In the golden years before the dot-com crash of 2000, electrical engineer and serial entrepreneur Jack Wolosewicz kept asking people with so-called golden ears whether they could hear his latest creation: audio watermarks. The entertainment industry was all ears to his pitch—ensuring that DVD players or television broadcasters could play only licensed copies of digital files. But when the economy tanked, investors lost interest.
Two decades later, audio watermarks, which are inaudible even to trained audiophiles despite playing at frequencies humans can hear, are at the heart of a new bid to put traditional passwords to rest. That bid, by Wolosewicz’s latest company, Cyberus Labs, consists of using inaudible chirps of audio to establish two-factor authentication between devices without requiring users to enter a password or rely on biometric information such as fingerprints or facial recognition.

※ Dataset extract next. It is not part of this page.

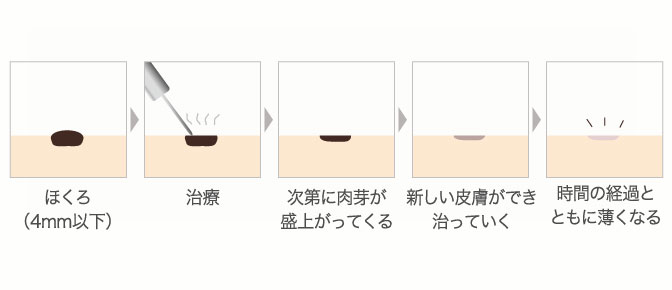 エルビウムヤグレーザーによるほくろ いぼの除去 札幌中央クリニック 美容外科 美容整形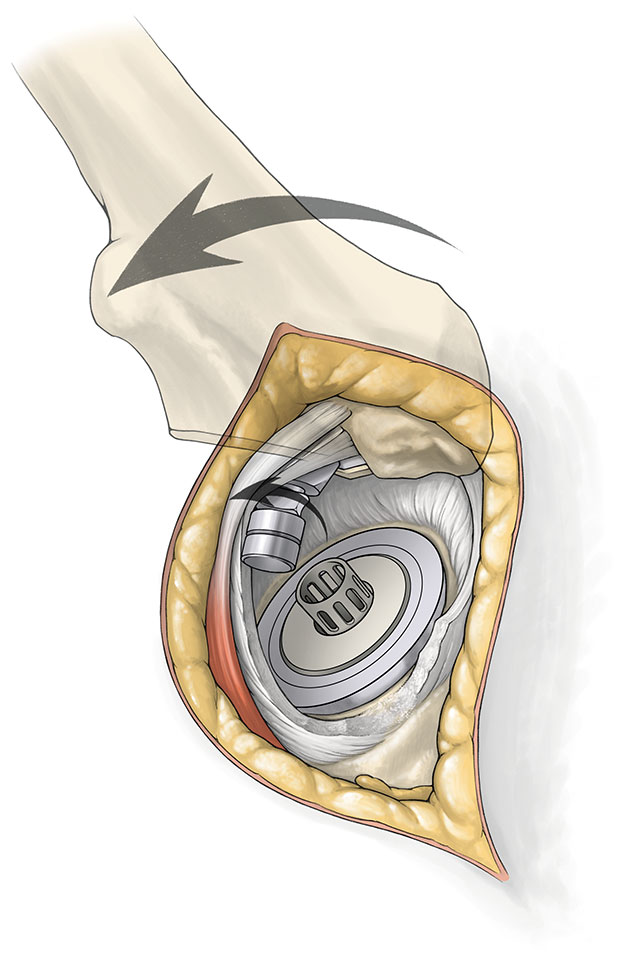 SuperPATH微创全髋关节置换手术入路图解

Cyberus Labs demonstrated its latest approach this week at MWC Barcelona (formerly called Mobile World Congress), the mobile industry’s largest annual trade show. The company is testing its first-generation systems with commercial partners under nondisclosure agreements, its founders said, and it has a public research and development partnership with Silesian University in Gliwice, Poland.
Passwords are such a pain that they lead to internecine warfare between government agencies over how often workers should change their passwords. The surprising answer, according to the U.S. National Institute for Standards and Technology (NIST) guidelines for civilian government agencies, is never.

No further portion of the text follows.